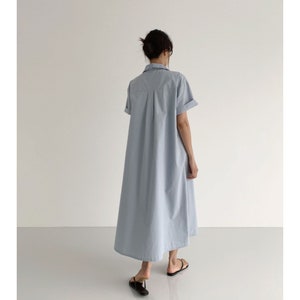 May include: A light blue, short-sleeved shirt dress. The dress has a collared neckline and a button-down front. The dress falls to the mid-calf and has a relaxed fit. The model is wearing black sandals.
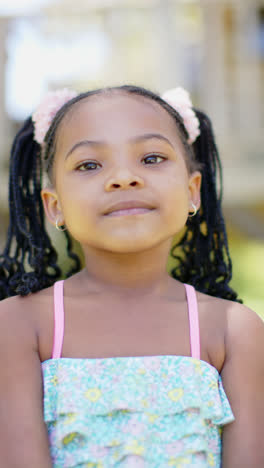 Vertical-video-of-portrait-of-happy-african-american-girl,-in-slow-motion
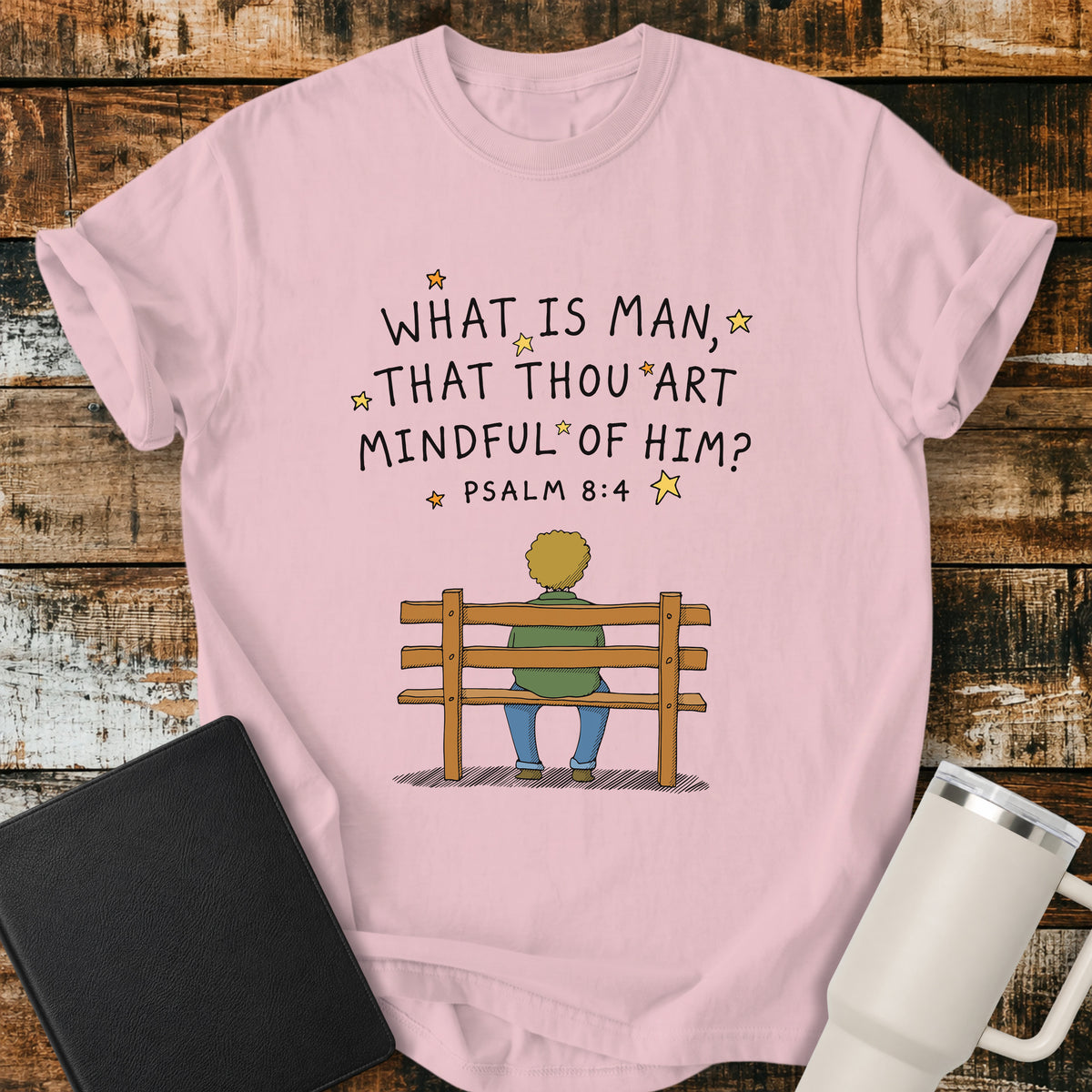 blossom pink Christian t-shirt featuring the words “What Is Man, That Thou Art Mindful of Him?” from Psalm 8:4, surrounded by simple stars above a person sitting quietly on a wooden bench. A reflective, vintage-inspired biblical design centered on God’s care for mankind.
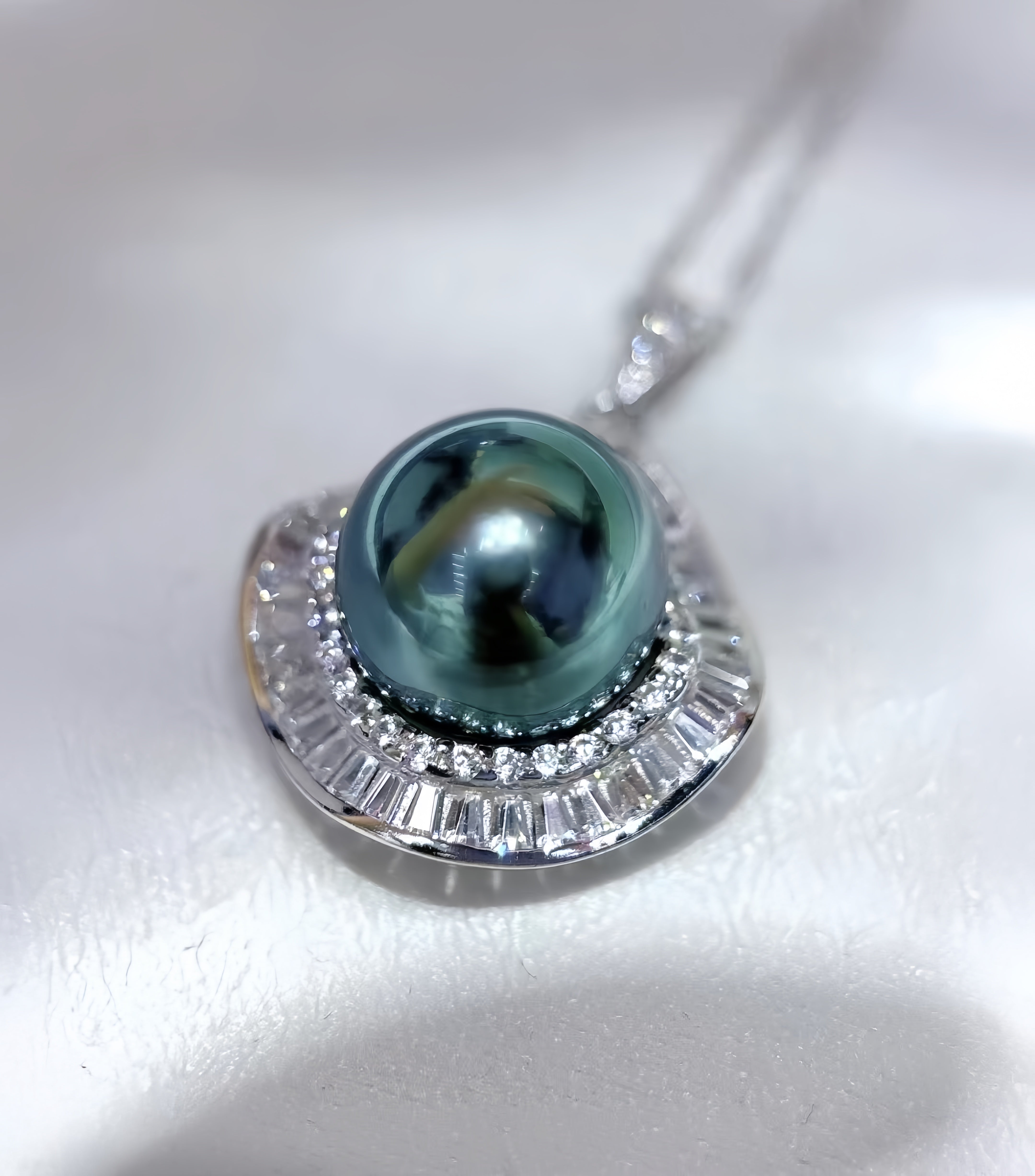 A close-up of a pearl pendant necklace featuring a dark green teardrop-shaped pearl set in a silver-toned halo with clear baguette and round stones, resting on a white textured surface.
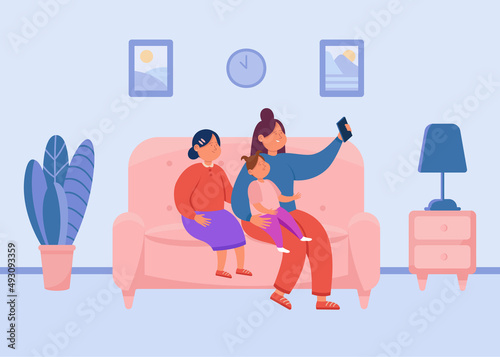 Mother taking selfie on mobile phone with daughters. Woman and girls sitting on couch together at home flat vector illustration. Family, technology concept for banner, website design or landing page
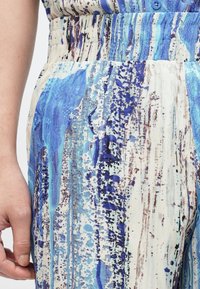 Modro-kremna tkanina z abstraktnimi črtami in lisami v različnih odtenkih. Podrobnost elastičnega pasu. Približen posnetek hlačnega dela.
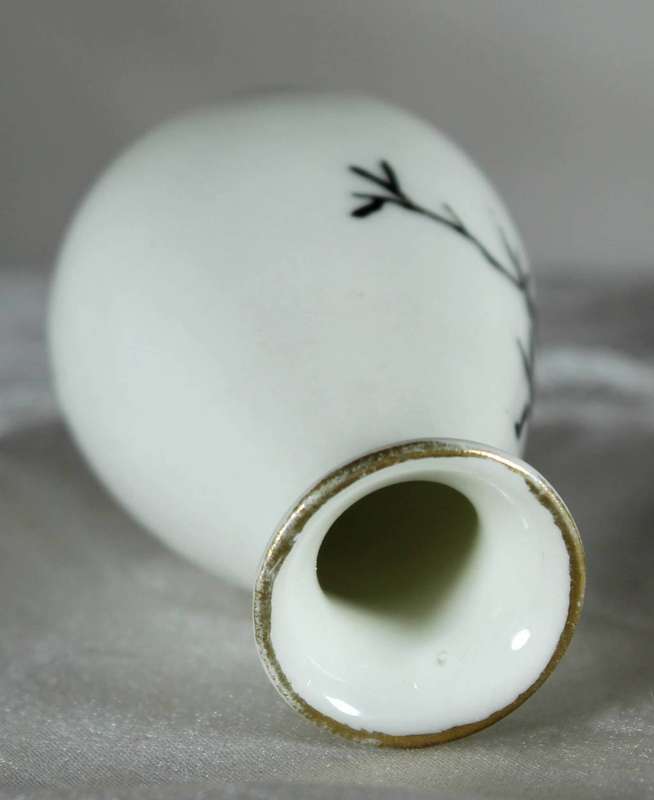 Miniature white bud vase with black motif & golden gilding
------------------------------------------------------------------------
Please transcribe the material above exactly as written. Leave the pictures out.

 May include: A light blue, short-sleeved shirt dress. The dress has a collared neckline and a button-down front. The dress falls to the mid-calf and has a relaxed fit. The model is wearing black sandals.
 Vertical-video-of-portrait-of-happy-african-american-girl,-in-slow-motion
 blossom pink Christian t-shirt featuring the words “What Is Man, That Thou Art Mindful of Him?” from Psalm 8:4, surrounded by simple stars above a person sitting quietly on a wooden bench. A reflective, vintage-inspired biblical design centered on God’s care for mankind.
 A close-up of a pearl pendant necklace featuring a dark green teardrop-shaped pearl set in a silver-toned halo with clear baguette and round stones, resting on a white textured surface.
 Mother taking selfie on mobile phone with daughters. Woman and girls sitting on couch together at home flat vector illustration. Family, technology concept for banner, website design or landing page
 Modro-kremna tkanina z abstraktnimi črtami in lisami v različnih odtenkih. Podrobnost elastičnega pasu. Približen posnetek hlačnega dela.
 Miniature white bud vase with black motif & golden gilding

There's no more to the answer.